GLACIER loss in the west Antarctic appears “unstoppable,” researchers at NASA and the University of California warned today.

Evidence including 40 years of observations indicated that the glaciers in the Amundsen Sea sector of west Antarctica “have passed the point of no return,” according to glaciologist Eric Rignot.

The glaciers contain enough ice to raise global sea levels by around four feet and are melting more quickly than scientists had originally predicted.

The biggest glaciers are hemorrhaging ice without any way to stem the loss, according to the two independent studies. 

The unstoppable retreat is likely to be the start of a long-feared domino effect that could cause the entire ice sheet to melt, whether or not greenhouse gas emissions decline.

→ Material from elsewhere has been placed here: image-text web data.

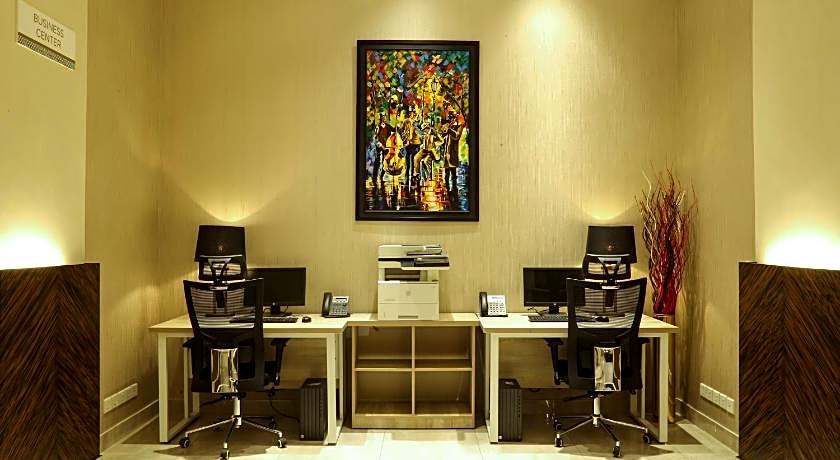 Best Western Premier Hotel Gulberg Lahore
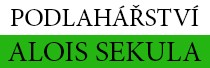 SEKULA ALOIS-PODLAHÁŘSTVÍ 
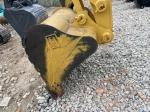high power used excavator cat312d/second hand good quality cat excavator cat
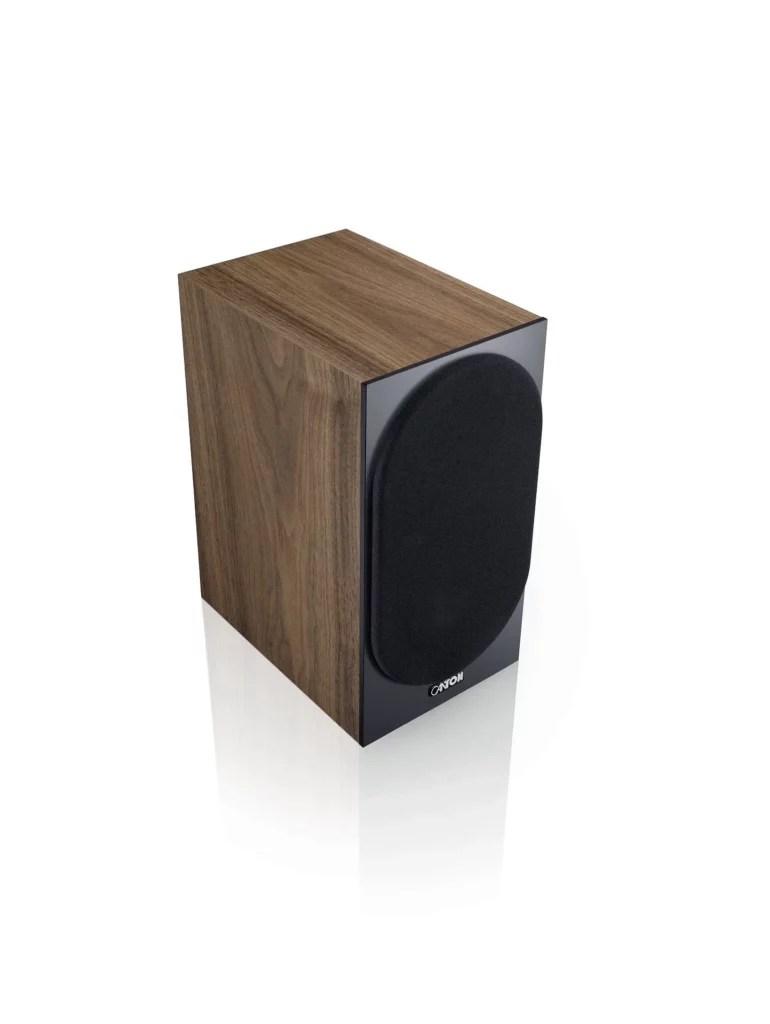 Полочная акустика Canton GLE 30 S2 Walnut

“These glaciers will keep retreating for decades and even centuries and we can’t stop it,” said Mr Rignot. 

“A large sector of the west Antarctic ice sheet has passed the point of no return.”

The ice sheet holds 10 per cent of Antarctica’s ice.

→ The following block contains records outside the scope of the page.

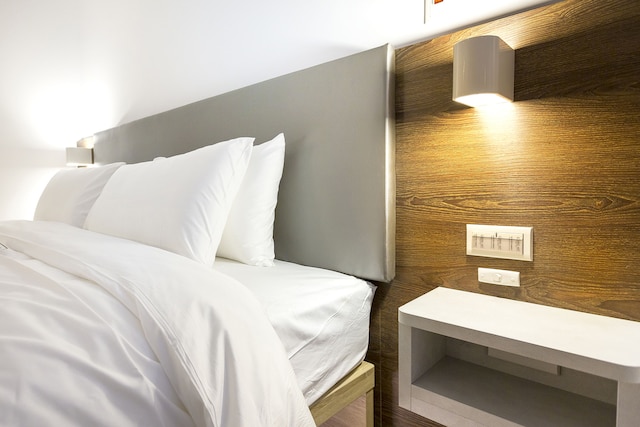 グレート ホテル (吉泰旅店)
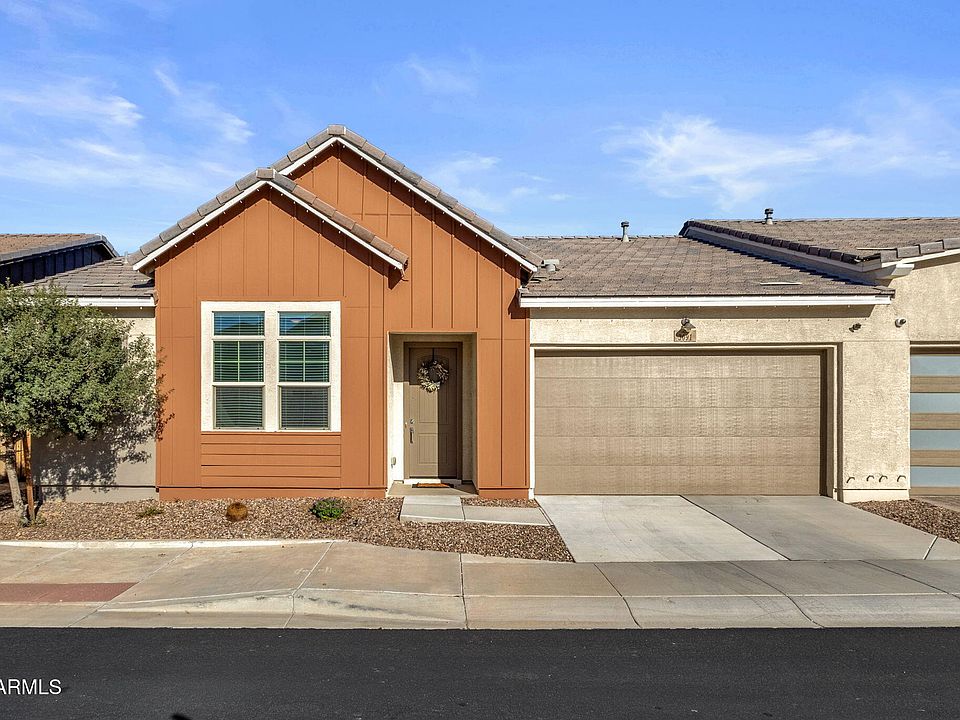 1st image of 3091 S SOHO Lane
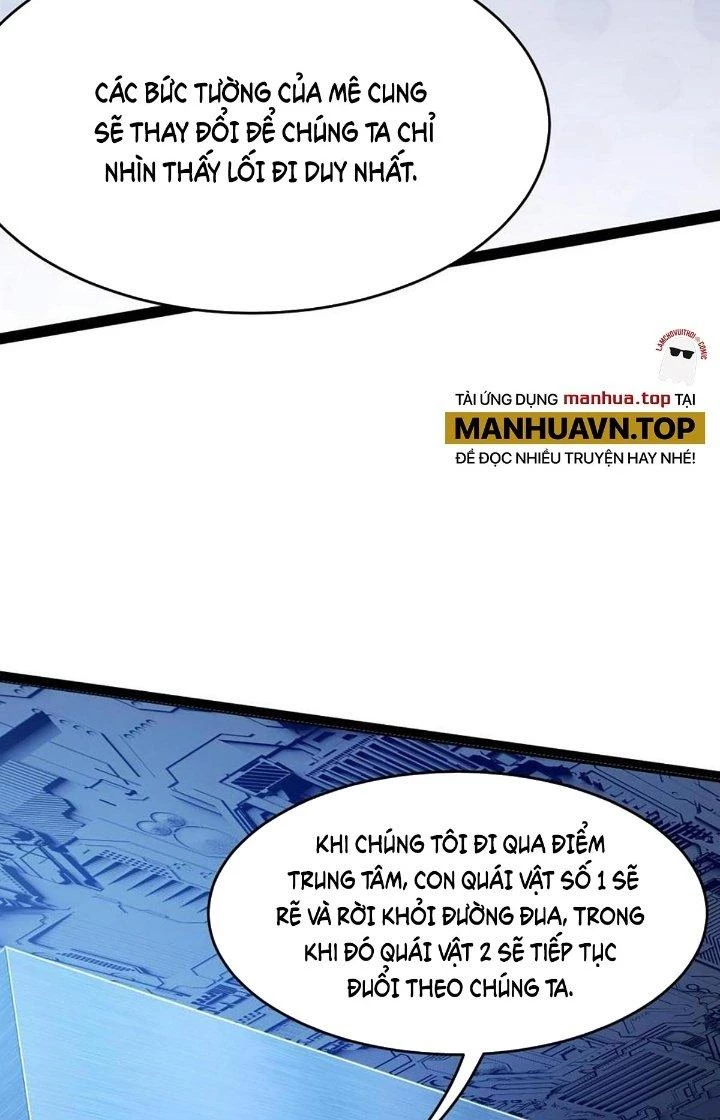 Cực Đại Khoa Trương Chapter 23 - 32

The retreating glaciers pin back the ice sheet and their collapse threatens the entire west Antarctic sheet.

This means that in coming decades, sea-level rise is likely to exceed this century’s projected increase of three feet by 2100 issued by the Intergovernmental Panel on Climate Change.

However, if all of West Antarctica melted, the collapse could raise sea levels by 11 to 13 feet.

The Antarctic peninsula has been warming rapidly for at least half a century, and west Antarctica has heating up for 30 years.